Once the cuts are in place, and you delete the segment, you can review the edited video in the playback panel. The playback will skip over any removed segments, so you can see how the recording will look when it is saved.


Furthermore, the timestamp box will also be in sync with the playhead and provides location granularity up to 100ths of a second. You can TYPE into this box to move the playhead and cut marker to a very precise location that you cannot get to via scrubbing or playback.


The Trim Handles allow to you drag either end of the segment in either direction, to change where it begins or ends. This can be particularly useful when used with the "zoom in" feature, to place the cutouts exactly where you want them.

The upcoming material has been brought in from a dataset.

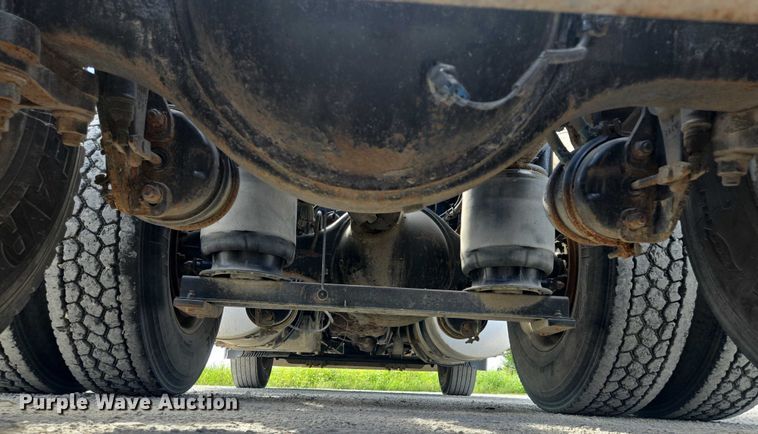 image for item EV1617 2007 Volvo VNL semi truck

The EchoVideo video editor provides an option to insert any video you own into another video. You can add a video into some portion of the original video or you can insert one or more other videos at the beginning and/or end of an original video to stitch multiple media together into one.


All of these may include removing one or more sections of the original to replace them with different media. Or just adding media to the end of another. As noted in the procedure below, removing anything to replace it with something else is optional. Inserting other media into a video will simply lengthen the resulting video by the appropriate duration.

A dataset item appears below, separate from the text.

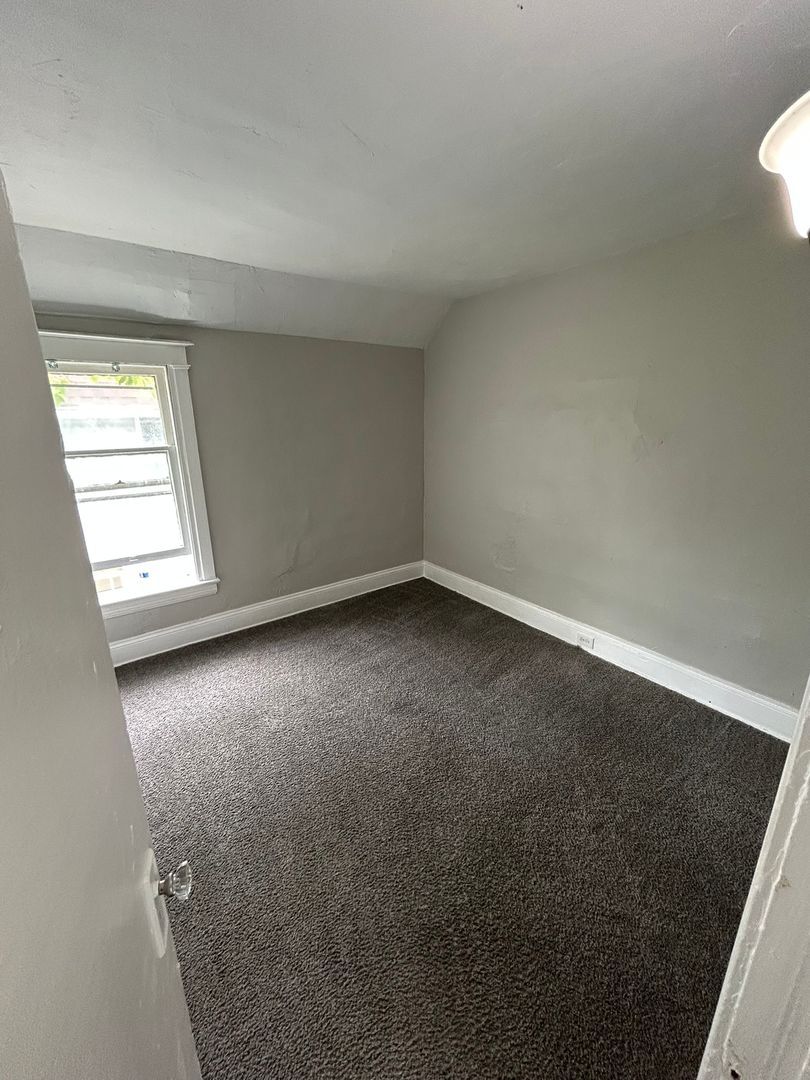 12918 Ferris Ave unit Up unit – photo 2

Once again, we encourage you to practice using this feature, in conjunction with the Save As command, to create a new and distinct video file. That way you can make further edits to the new file if needed, or discard it if you don't want to keep it.

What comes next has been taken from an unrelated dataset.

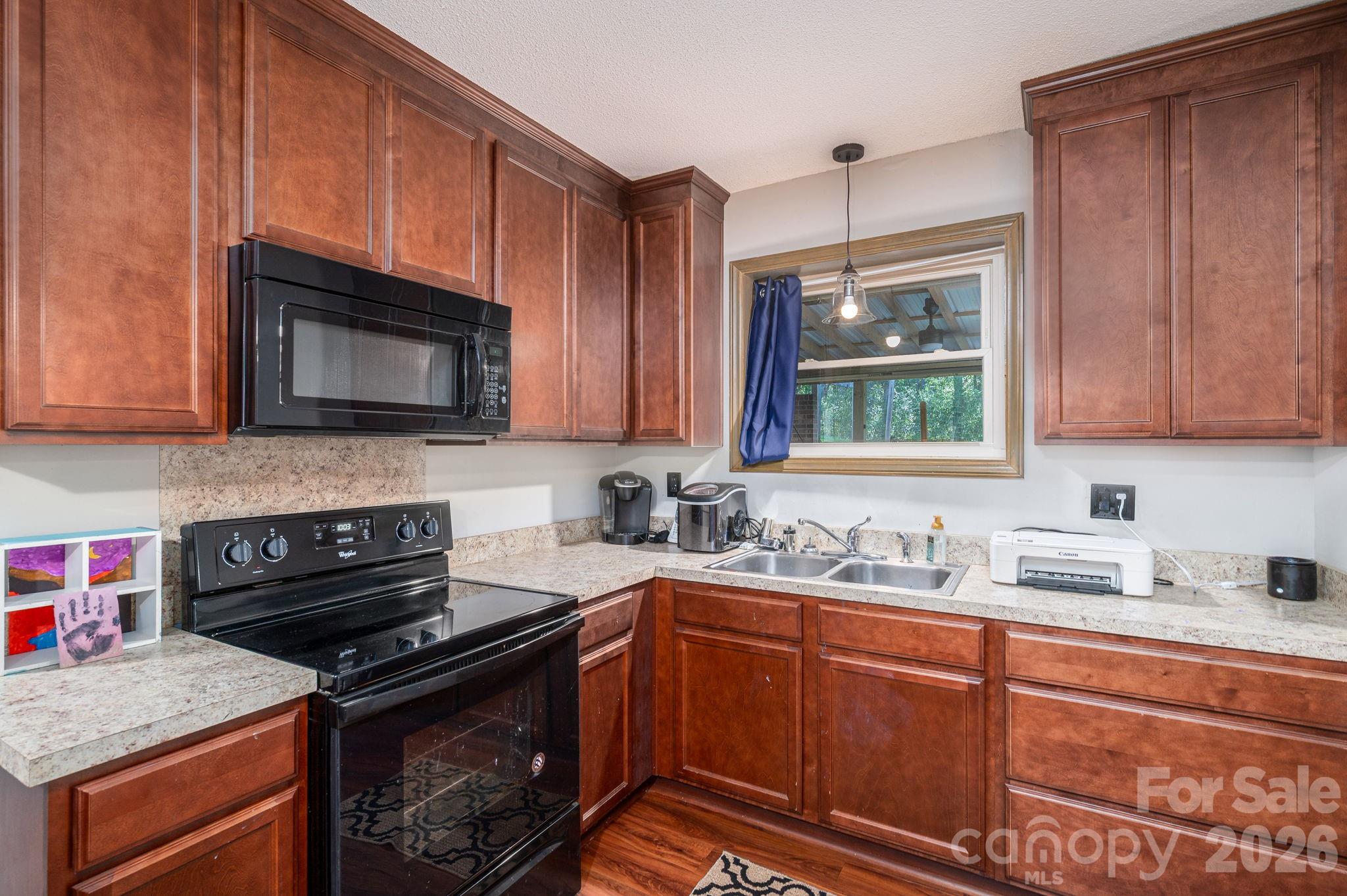 809 Spring Street 2 Property Photo 29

If you removed a section first, as the figure in the above procedure shows, then inserted media, notice there are "blank spots" around the inserted segment. These are circled in the below figure. You can leave these in, as playback will skip over those, and when the changes are processed, the resulting media will have the remaining segments stitched together.


You will also see changes in the timeline (likely) where the duration of the newly created video has changed. In the above screenshots, notice that the original video was just under 5 minutes long. The inserted video was 20 minutes long. The resulting video is just under 25 minutes long.


Side note: The change in duration is also why those blank spots circled in the above figure look so much smaller than the original area cut. The duration of the cuts didn't change; the timeline ratio did.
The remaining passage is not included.